» **Record extracts**
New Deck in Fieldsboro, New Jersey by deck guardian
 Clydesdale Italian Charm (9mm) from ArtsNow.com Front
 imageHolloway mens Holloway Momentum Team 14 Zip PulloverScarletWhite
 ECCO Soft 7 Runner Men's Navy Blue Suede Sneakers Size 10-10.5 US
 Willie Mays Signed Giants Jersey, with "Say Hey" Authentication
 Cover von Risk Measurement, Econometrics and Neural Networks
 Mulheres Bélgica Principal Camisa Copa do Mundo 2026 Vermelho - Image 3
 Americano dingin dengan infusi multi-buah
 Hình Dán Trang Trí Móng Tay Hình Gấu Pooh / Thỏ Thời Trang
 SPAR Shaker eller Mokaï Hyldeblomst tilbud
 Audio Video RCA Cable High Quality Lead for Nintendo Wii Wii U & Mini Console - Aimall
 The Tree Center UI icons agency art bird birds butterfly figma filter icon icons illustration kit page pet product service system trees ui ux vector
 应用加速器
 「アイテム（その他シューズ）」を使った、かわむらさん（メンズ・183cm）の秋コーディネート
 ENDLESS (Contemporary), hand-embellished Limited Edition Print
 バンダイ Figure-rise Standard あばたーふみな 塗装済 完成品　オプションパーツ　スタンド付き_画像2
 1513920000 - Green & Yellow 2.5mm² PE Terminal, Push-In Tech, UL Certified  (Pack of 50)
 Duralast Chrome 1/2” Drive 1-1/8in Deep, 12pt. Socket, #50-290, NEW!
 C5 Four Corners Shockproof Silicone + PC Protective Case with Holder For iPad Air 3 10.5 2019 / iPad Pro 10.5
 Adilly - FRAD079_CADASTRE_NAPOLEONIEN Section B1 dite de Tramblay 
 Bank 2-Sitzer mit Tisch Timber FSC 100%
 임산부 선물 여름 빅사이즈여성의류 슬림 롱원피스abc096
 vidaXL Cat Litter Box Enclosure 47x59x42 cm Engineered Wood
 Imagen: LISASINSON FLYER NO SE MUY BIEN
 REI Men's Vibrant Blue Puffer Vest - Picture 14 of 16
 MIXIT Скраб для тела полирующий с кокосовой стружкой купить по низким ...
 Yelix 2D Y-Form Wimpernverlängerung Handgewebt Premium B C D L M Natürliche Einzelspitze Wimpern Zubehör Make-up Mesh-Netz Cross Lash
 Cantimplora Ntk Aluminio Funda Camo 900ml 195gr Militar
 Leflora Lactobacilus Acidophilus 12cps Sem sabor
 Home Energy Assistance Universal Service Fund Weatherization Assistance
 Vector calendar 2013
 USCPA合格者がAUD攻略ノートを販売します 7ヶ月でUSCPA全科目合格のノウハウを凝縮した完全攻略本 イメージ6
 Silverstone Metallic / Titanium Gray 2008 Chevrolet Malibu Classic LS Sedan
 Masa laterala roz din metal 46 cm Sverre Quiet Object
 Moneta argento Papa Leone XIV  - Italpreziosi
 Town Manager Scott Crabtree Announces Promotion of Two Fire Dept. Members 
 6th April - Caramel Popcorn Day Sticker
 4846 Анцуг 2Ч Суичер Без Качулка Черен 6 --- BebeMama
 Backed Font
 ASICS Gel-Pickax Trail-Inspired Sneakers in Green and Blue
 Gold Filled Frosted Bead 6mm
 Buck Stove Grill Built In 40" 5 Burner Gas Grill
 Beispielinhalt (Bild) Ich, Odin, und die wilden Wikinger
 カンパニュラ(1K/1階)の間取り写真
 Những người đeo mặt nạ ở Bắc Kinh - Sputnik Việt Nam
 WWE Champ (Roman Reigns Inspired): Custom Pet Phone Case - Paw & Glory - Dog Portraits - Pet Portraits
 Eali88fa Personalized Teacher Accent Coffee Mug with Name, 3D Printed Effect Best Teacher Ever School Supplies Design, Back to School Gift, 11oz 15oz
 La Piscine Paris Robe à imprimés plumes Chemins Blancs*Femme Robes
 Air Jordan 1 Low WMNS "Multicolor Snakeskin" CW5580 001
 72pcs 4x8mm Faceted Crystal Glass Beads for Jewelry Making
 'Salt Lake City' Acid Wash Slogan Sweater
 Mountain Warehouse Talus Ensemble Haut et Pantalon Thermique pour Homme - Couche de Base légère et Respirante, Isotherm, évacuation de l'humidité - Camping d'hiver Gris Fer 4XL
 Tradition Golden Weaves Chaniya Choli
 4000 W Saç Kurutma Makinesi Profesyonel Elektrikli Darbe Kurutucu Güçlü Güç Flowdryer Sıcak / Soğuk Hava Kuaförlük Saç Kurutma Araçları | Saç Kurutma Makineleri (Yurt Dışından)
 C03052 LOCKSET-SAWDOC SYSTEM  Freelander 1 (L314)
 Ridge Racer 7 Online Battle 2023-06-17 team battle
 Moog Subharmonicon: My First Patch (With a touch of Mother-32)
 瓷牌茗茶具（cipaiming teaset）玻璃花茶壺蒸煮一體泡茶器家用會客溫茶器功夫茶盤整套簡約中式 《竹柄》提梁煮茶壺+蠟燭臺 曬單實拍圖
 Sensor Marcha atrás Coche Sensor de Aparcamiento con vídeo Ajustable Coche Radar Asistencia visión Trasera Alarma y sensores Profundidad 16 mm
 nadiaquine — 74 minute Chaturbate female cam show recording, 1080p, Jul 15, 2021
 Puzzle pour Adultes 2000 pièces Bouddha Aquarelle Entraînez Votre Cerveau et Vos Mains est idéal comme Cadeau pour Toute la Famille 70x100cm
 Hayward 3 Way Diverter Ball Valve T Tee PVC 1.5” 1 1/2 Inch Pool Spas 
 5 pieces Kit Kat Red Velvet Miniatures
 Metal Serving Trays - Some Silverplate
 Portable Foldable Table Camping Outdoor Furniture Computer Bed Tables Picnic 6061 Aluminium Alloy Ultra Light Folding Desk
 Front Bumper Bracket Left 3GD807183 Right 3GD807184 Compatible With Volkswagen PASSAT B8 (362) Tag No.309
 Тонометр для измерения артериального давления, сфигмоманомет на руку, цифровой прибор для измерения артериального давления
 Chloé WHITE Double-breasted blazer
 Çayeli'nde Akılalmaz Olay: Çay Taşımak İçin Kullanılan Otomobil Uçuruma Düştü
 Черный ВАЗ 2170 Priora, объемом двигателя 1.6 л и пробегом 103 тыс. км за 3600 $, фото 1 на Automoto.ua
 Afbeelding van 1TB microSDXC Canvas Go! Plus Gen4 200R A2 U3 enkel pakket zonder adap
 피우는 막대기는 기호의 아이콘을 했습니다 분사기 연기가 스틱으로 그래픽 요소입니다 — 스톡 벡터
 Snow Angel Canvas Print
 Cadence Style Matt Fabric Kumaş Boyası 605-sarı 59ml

» **Problem**
All that belongs in your answer is the stretch of entries above from the line with "C5 Four Corners" through the line with "Imagen: LISASINSON FLYER NO SE MUY BIEN", printed exactly.

» **Answer space**
 C5 Four Corners Shockproof Silicone + PC Protective Case with Holder For iPad Air 3 10.5 2019 / iPad Pro 10.5
 Adilly - FRAD079_CADASTRE_NAPOLEONIEN Section B1 dite de Tramblay 
 Bank 2-Sitzer mit Tisch Timber FSC 100%
 임산부 선물 여름 빅사이즈여성의류 슬림 롱원피스abc096
 vidaXL Cat Litter Box Enclosure 47x59x42 cm Engineered Wood
 Imagen: LISASINSON FLYER NO SE MUY BIEN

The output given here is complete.